I thought I'd share a personal story I wrote for another class I am in. The assignment was to talk about a time when your ethnicity was revealed to you or you had some kind of revelation about ethnicity or race. I chose to write a story about an event that happened when I was younger. I found it somewhat applicable so thought I might as well share and see what you guys think.
Slip of the Tongue
My youth, a handful of memories evaporate into just one for the purposes of this story, a vivid image of the spray painted words: “Ashley-- Bitch you better watch your white ass!” scrawled across the glass walls of the Santee teen center. As I stood there, in front of what had been my home away from home every day after school for the last three years, mouth agape and in utter shock, driven so firmly into the ground as my insides began to boil to the surface and my face began to bloom red hot, it suddenly didn’t feel like home anymore. I stood there, almost forgetting how to move entirely, with my sense of self so clouded that all I could see was something very obtuse to the contradiction of the way I had previously acted and I suddenly recalled a moment from the previous day.
Brittney, my best friend for the last three years of my life, had approached me with a mischievous look on her face. We had one of those friendships that was constantly teetering between two extremes, best friend and worst enemy, which is why I should have guessed nothing said that day would remain between the two of us. Back stabbing bouts of jealousy and broken secrets paved our friendship’s past.
We were thirteen and she had recently become obsessed with the idea of boys. She whispered in my ear, so loudly that you couldn’t call it a whisper at all, “So, are you going to kiss Michael Halcon?” with that whiny thirteen-year-old condescending tone trailing along the ends of each word. I turned bright red, “No! He is a dirty Mexican!” I spat out, before I could even think. The ability to pass things from my mind to my mouth that quickly was so astonishing I scarcely understood the words as they made there way to fruition. I didn’t like Mike that way, but not because he was Mexican, it just seemed like the right thing to say.

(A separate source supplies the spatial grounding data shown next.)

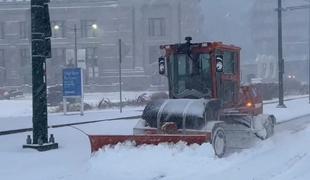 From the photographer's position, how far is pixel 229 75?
1602cm

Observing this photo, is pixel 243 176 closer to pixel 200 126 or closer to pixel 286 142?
pixel 200 126

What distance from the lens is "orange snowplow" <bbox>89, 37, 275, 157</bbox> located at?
1343cm

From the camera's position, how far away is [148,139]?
13031 millimetres

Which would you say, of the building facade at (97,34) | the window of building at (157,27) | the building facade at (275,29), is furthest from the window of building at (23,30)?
the building facade at (275,29)

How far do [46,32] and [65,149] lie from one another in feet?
10.2

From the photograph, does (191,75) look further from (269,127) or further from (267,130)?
(269,127)

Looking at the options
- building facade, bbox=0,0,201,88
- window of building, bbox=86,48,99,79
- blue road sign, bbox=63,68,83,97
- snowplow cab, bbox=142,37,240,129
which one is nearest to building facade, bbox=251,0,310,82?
building facade, bbox=0,0,201,88

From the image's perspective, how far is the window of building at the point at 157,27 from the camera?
3093 inches

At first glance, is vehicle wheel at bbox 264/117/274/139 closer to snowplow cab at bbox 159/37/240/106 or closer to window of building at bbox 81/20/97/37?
snowplow cab at bbox 159/37/240/106

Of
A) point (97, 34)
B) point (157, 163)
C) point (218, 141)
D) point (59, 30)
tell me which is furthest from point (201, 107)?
point (59, 30)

My hometown, Santee California was most popularly nick named "Klantee," population: ninety percent white. This dry and somewhat secluded place was home to people who were most commonly lower to middle class white folks and enjoyed spending their time doing things like hanging out at the Parkway Plaza mall, smoking blunts, driving lifted trucks with confederate flag decals on the back window, and going off roading on weekend trips to the desert. These people were my friends growing up, and it was the only culture I knew. I didn’t have an understanding of what words like “dirty Mexican” could mean to someone, as they were thrown around so casually.
When I said, what I said, I didn’t stop to think that Brittney may tell Michael. Suddenly the words had taken on an entirely different meaning to me. They were ugly, loaded, infested and were not “just” words. At thirteen, words were things I said, inputs and outputs. I felt that I had nothing against Mexican people, but I didn’t understand that words were not isolated sets of letters. They communicated more than immediate ideas and held a history that gave me a communicative power that was far beyond the mental capacity of a thirteen-year-old girl. “Dirty Mexican”, “Dirty Mexican”, “Dirty Mexican” cut through my mind for weeks.